Si Antonio Soler deseara conocer otras estrategias literarias para recrear una constelación equivalente, podría empezar estudiando la figura de Jacob Frank, el pretendido mesías del antinomismo que, en el siglo XVIII, sobresaltó a judíos, musulmanes y cristianos, entrelazando sexualidad y culto. Un libro excelente para ello es el de Pawel Maciejko, The Mixed Multitude. Jacob Frank and the Frankist Movement, 1755-1816 (Philadelphia: University of Pennsylvania Press, 2011). Y si deseara hallar más respetable formula para novelar tan apasionante sustancia, recomendaríamos la obra maestra de la polaca Olga Tokarczuk, Premio Nobel de Literatura en 2019, que ocupa casi 1.000 páginas. Aún no está disponible en español, pero hace poco ha visto la luz una magnífica traducción inglesa: The Books of Jacob (Londres: Fitzcarraldo Editions, 2021).

Olga Tokarczuk
Olga Tokarczuk

No le negamos a Soler habilidad en su escritura ni fuste en el manejo de recursos. Es un literato competente y meritorio, al que traiciona la necesidad de que su ideología impregne su creación. Seguir la moda de la metaficción, por descontado, no ayuda. Mas se detecta asimismo en Sacramento una fallida emulación del modelo joyceano, que resulta pedestre y produce páginas fantasmagóricas. Es como si se retrocediese a estadios más inmaduros del Retrato del artista adolescente, en lugar de aprender del Ulises y ya no digamos de Finnegans Wake; experimentos vanguardistas que serán en cualquier caso susceptibles de alimentar un feísmo nihilista, pero que no sirven para resolvernos las aristas, las sombras y las rarezas de los singularísimos acontecimientos habidos en torno a Don Hipólito y sus hipolitinas. Tratar, por cierto, a este grupo de mujeres como inocentes perturbadas sometidas a engaño constituye una simplificación y un pecado de leso igualitarismo. Que cuando Don Hipólito regresara a Málaga, tras dos décadas de prisión eclesiástica y ya en su vejez, acudieran algunas hipolitinas a recibirlo al aeropuerto es suficiente estímulo para pensar.

Ramon J. Sender
Ramón J. Sender

Por lo antedicho, quien acuda a Sacramento –cuyo título es ya una declaración de intenciones—para aprender, averiguar o profundizar en algo, se verá defraudado. Lo que le saltará como un felino airado al rostro en cada página es lo que Antonio Soler cree, piensa y siente. Algo menos interesante que desentrañar esa confluencia entre religión, misticismo, lujuria, individualismo hereje y justicia punitiva a cargo de la Iglesia. Es como si Ramón J. Sender, al escribir La aventura equinoccial de Lope de Aguirre, en lugar de adentrarse en la personalidad de su protagonista, hubiese aprovechado su libro para meterse con España, vituperar la conquista de América, desacreditar a la Corona de Castilla o disparar a cuanto pudiese irritarlo.
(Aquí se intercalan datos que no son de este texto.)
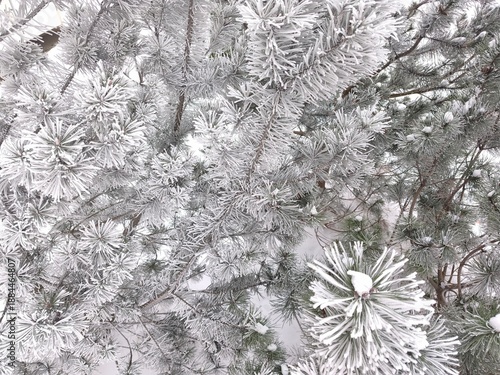 The close-up photo shows pine branches densely covered with frost or snow. Pine needles look fluffy and white, creating a winter or Christmas atmosphere.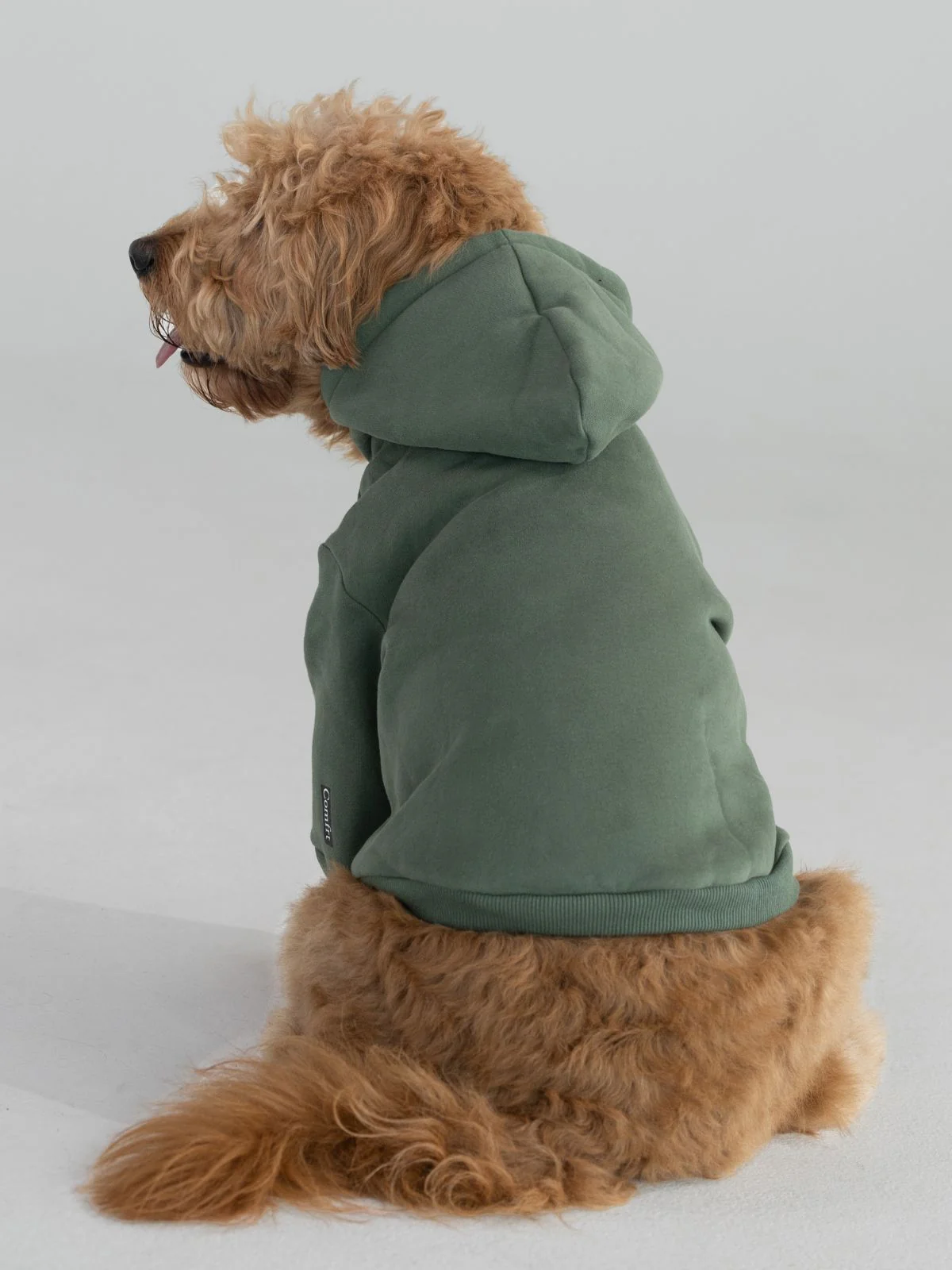 Standard Paw Hoodie
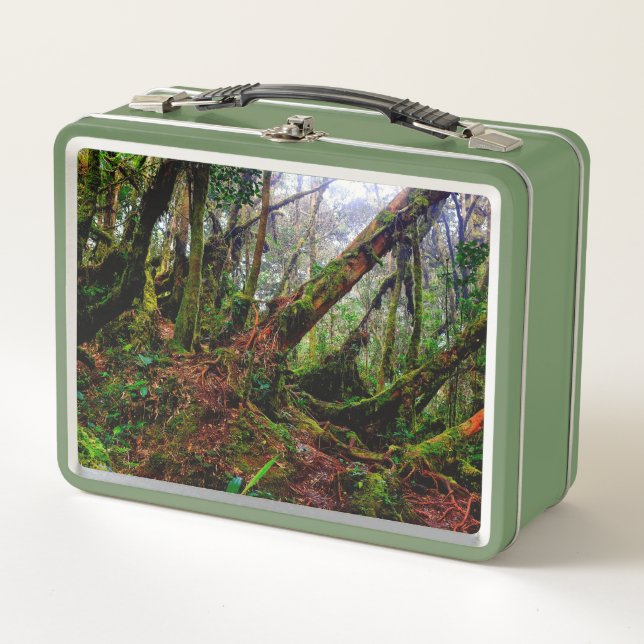 Mossy Forest Metal Lunch Box (Front)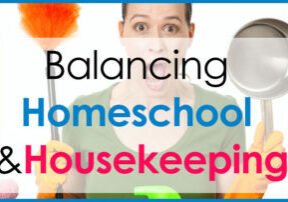 homeschoolhousekeeping_rect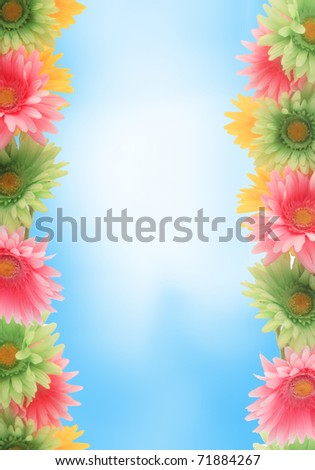 Pretty colorful gerber daisy border or  frame with spring colors on blue sky background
Y eso que estamos ante una novela que se ha ido cocinando durante décadas, y cuyo responsable ha tenido acceso a documentación de primera mano y confidentes generosos, tras una trayectoria trufada de apoyos, premios y aplauso de los suyos. ¿Por qué ese regodeo en la leyenda lúgubre del nacionalcatolicismo? El catálogo de tópicos es un runrún omnipresente, como cuando se complace en describir detalles físicos ridículos o repugnantes, pinta obispos grotescos o repite hasta el aburrimiento que Franco tenía la voz aflautada. Por cumplir con el progresismo, cada vez que habla de las derechas, lo hace con ironía o insensibilidad, buscando gustar a la parroquia contraria. Hay sarcasmo incluso cuando describe las ejecuciones de religiosos o las violaciones de monjas, que glosa con dureza y frialdad. Así no se llega a buen puerto. La alta literatura no puede destinarse a iniciados de tu cuerda o fogueados en el odio. Sino que ha de apelar a un lector desconocido y sin prejuicios, y buscar atraerlo.